Despite his hippie breeding, de la Durantaye nonetheless learned certain bourgeois sports—like baseball and tennis—from his more traditional grandparents. Although he played baseball seriously, he quit in an “act of weird rebellion” against his father, who had once seriously considered becoming a professional baseball player himself. [SEE CORRECTION BELOW]

HOW TO BE INTRIGUING

The former athlete is now teaching an introduction to 20th-century literary theory in addition to a sophomore tutorial on critical methodology. He says he is too busy at the moment to consider future plans.

“My job,” he says, “consumes happily so much of my time that I don’t worry too much.”

Various literary hobbies occupy his time, but he hopes in the future to have “an idea big enough to fill a book.”
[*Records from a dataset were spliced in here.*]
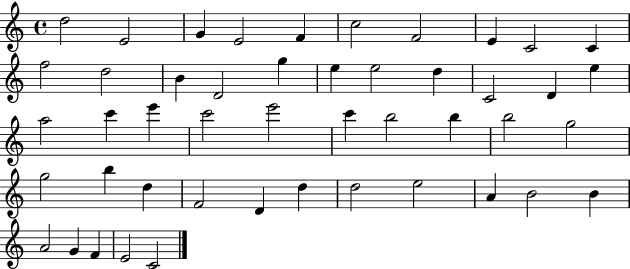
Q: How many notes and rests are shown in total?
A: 47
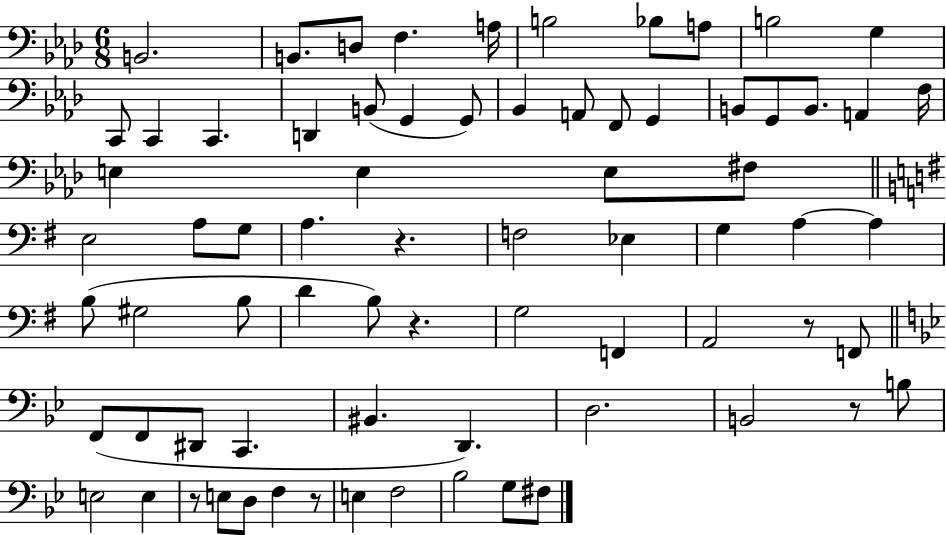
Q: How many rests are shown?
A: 6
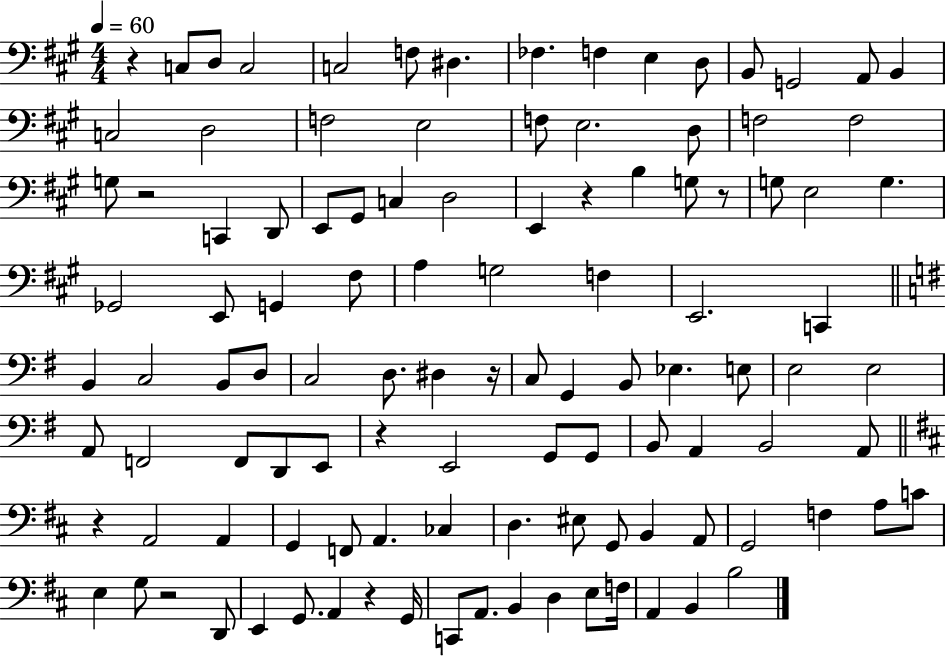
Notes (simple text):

R/q C3/e D3/e C3/h C3/h F3/e D#3/q. FES3/q. F3/q E3/q D3/e B2/e G2/h A2/e B2/q C3/h D3/h F3/h E3/h F3/e E3/h. D3/e F3/h F3/h G3/e R/h C2/q D2/e E2/e G#2/e C3/q D3/h E2/q R/q B3/q G3/e R/e G3/e E3/h G3/q. Gb2/h E2/e G2/q F#3/e A3/q G3/h F3/q E2/h. C2/q B2/q C3/h B2/e D3/e C3/h D3/e. D#3/q R/s C3/e G2/q B2/e Eb3/q. E3/e E3/h E3/h A2/e F2/h F2/e D2/e E2/e R/q E2/h G2/e G2/e B2/e A2/q B2/h A2/e R/q A2/h A2/q G2/q F2/e A2/q. CES3/q D3/q. EIS3/e G2/e B2/q A2/e G2/h F3/q A3/e C4/e E3/q G3/e R/h D2/e E2/q G2/e. A2/q R/q G2/s C2/e A2/e. B2/q D3/q E3/e F3/s A2/q B2/q B3/h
Despite his notably youthful looks, de la Durantaye says that his age does not have any significant effect on his relationship with students. “I’m a good deal older than them,” he says, but he admits that he dresses up at the beginning of the semester to clarify his role in the classroom.

De la Durantaye was even closer in age to his students at Cornell, where he says it was difficult to maintain a professional boundary. “You have to fight that temptation and be a little colder, a little sterner than you might otherwise be,” says de la Durantaye.

But his appearance no longer matters once shopping week is over, when he begins the real work of attempting to present his material “intriguingly and intelligently,” he says. At that point, every professor, regardless of his age, is equally accountable to his students.